Taking a competitive technology advantage

by 01 Nov 2006

Technology is revolutionising the practice of HR within many companies. Melissa Yen explores how HR related technology can assist organisations in establishing a competitive advantage

In the midst of a war for talent, HR needs an effective understanding of the information systems that can give them an edge in analysing workforce data about their company. Such data can make or break a company when it comes to having the necessary labour and skill sets to meet future productivity targets, and a strong understanding of the implications of such data can also assist HR in being taken seriously at the table.

Various HR technologies can assist HR departments and their companies in understanding strategic people issues such as workforce planning and talent management. One of the key drivers of workforce technology is the changing labour market, according to Ari Kopoulos, national sales and marketing manager for Employee Connect. As a result, Kopoulos believes HR will need to focus on knowledge worker initiatives and strategies.

“The high turnover among generations X and Y, and the rapidly approaching retirement of the baby boomer generation, creates a challenge for HR,” he says. As such, programs need a balanced mix to meet the needs of a highly skilled, employable and mobile knowledge workforce, while maintaining the favourite HR principles of consistency and precedent.

Other key developments have been in the area of HR metrics. Business intelligence means that most HR solutions are now delivered with advanced reporting tools, effectively managing HR process compliance through configurable control and indicator metrics, says Kopoulos. Such tools offer a platform to forecast and project demand based on skills and competencies.

With a trend towards keeping key competencies of staff on record, workforce technologies can help organisations to identify top performers and potentials. They also offer a corrective pathway for underperformers by drilling into their core competencies and behaviour, Kopoulos adds. “This real-time access to data is changing the way in which deployment decisions are made.”

Keeping the competitive edge

The key to such technology is viewing its deployment as a strategic lever that will provide the organisation with an advantage over competitors. Most organisations view technology as simply “keeping up with the Jones”, according to Mathew French, national sales and marketing manager for Snowdrop Systems. Furthermore, while organisations may claim people are their most important asset, many struggle to provide evidence that this is the case, and even less actually make use of this advantage in the marketplace.

“Unless it is clearly identified in the strategic plan, backed by some strategies and actions, it simply does not happen,” French says. In order to maximise the competitive advantage of technology, HR must receive sufficient support from the senior level.

“Like everything else, it all starts at the top. It is up to the CEO to drive the values of the organisation, take a personal interest in how the technology is used and what benefits that the organisation derives from it. Too often, HR managers are left to their own devices without much interest and support from the top.”

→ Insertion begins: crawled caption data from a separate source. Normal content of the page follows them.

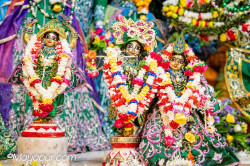 Daily Darshan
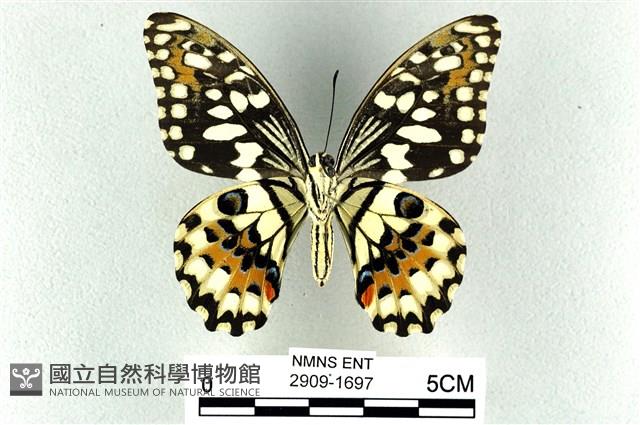 花鳳蝶、無尾鳳蝶藏品圖，第2張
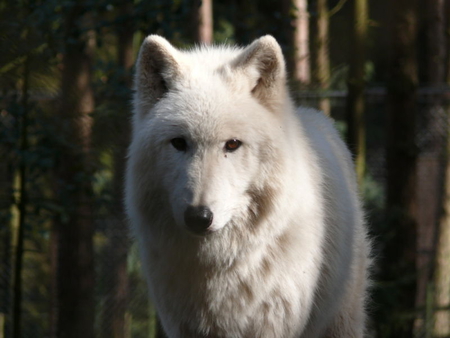 Beautiful White wolf - dogs, animals, wolf, others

Traditionally, Kopoulos says HR has often been thought of as a follower of business technology rather than a leader. With technology changes driven more by the likes of finance and IT, he says HR has merely has peripheral input to system scoping and selection. “With the shift to a value added HR consulting model, an understanding of technology and the benefits it can bring will be critical in delivering competitive advantage.”

Having a system in place that identifies, measures, develops and retains talent while reducing the cost of acquisition and management of your talent is where true competitive advantage lies, according to Kopoulos. Developing a workforce with talent and skills specifically targeted to the business objectives directly impacts the overall success of the company.

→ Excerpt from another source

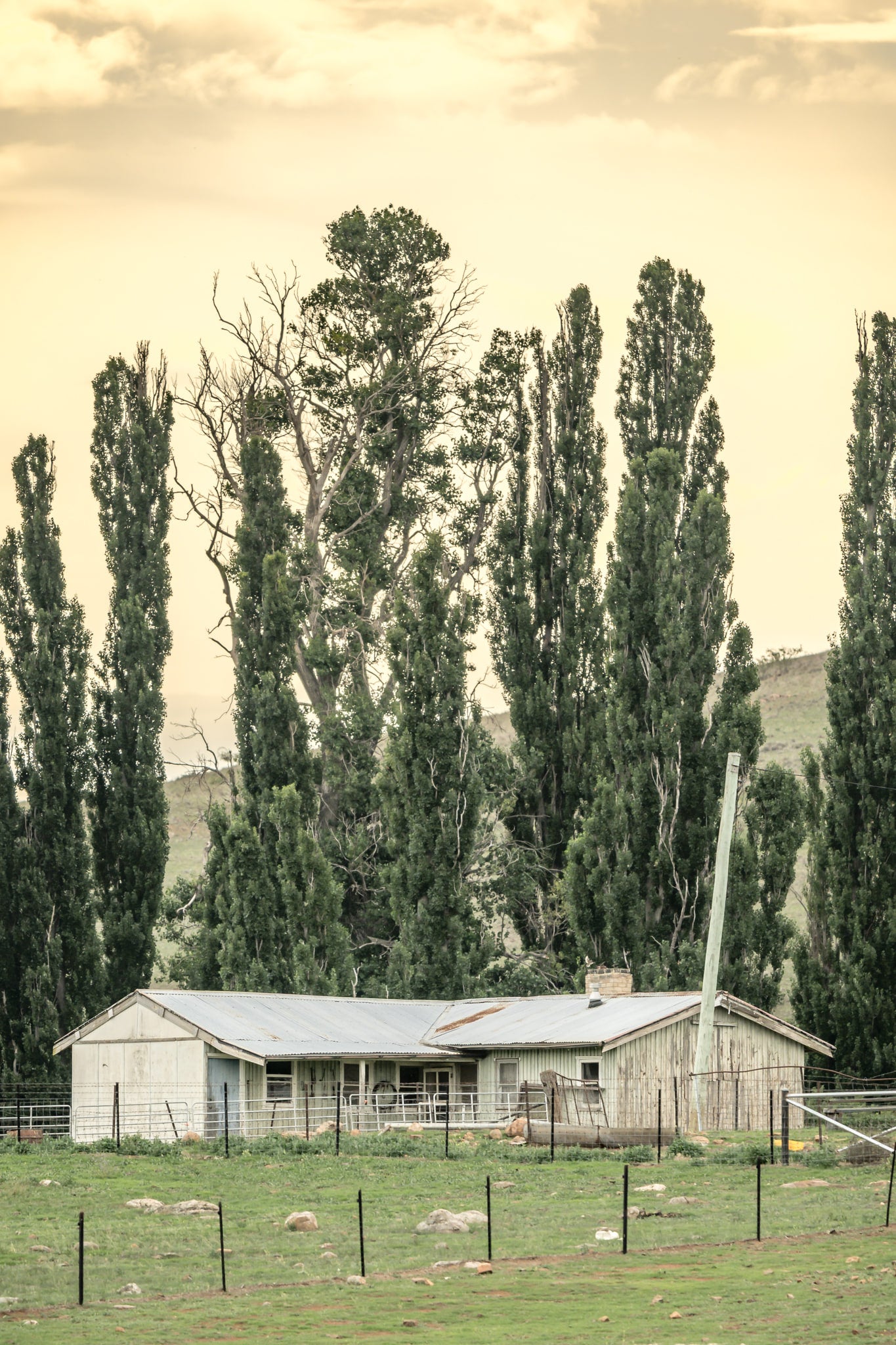 Snowy River Shearers Quarters at A Place to Call Home, a low timber and corrugated iron shearing shed sits behind steel.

A workflow-based, enterprise-wide system, with an integrated approach to recruitment, development, performance, succession and retention functions can provide a competitive advantage, Kopoulos says, through its ability to help identify and communicate a company’s performance objectives as well as attract, identify and recruit key talent from a number of talent pools. Furthermore, such systems also enable the management of development plans that link individuals to performance objectives and regularly evaluate performance and development results against consistent metrics.

Bugs in the system

The main downfalls of such systems lie in the areas of time and resources, French says. “Most HR professionals significantly underestimate both. For most, it is their first experience, so they have little to fall back on. The trend is always for as quick an implementation as possible. In reality, this rarely works.”Too often, he says HR managers forget how busy they are, and while technology may be a high priority, they still have their day-to-day job responsibilities.

Managing expectations is also important in delivering a successful technology project, French adds. It is important for HR to create realistic internal expectations that they will be able to deliver to their customers. Producing a detailed project plan is also critical, he says. “This is where time delays are most likely. Develop ‘what if’ scenarios around these.”

Most importantly, French says all HR departments should be realistic in their implementation. Speed has its risks, and he says quality and its lasting effects must be focused on.

Workforce technologies can also be expensive to maintain, according to Kopoulos. “There are some solutions that demonstrate exceptionally well, but require significant resources to maintain the various components that drive their very intelligence.” As such, HR should be aware that employees may not welcome the new system, and approach this accordingly.

HR practitioners can also run into problems with how the systems are used and integrated with different business functions. Kopoulos says there may be inconsistencies in how individual organisation units define, apply and measure the role of talent management, which can cause a lack of cohesion amongst business units. Within the HR function itself, Kopoulos also notes that integration compatibility with existing HR information systems must also be taken into consideration.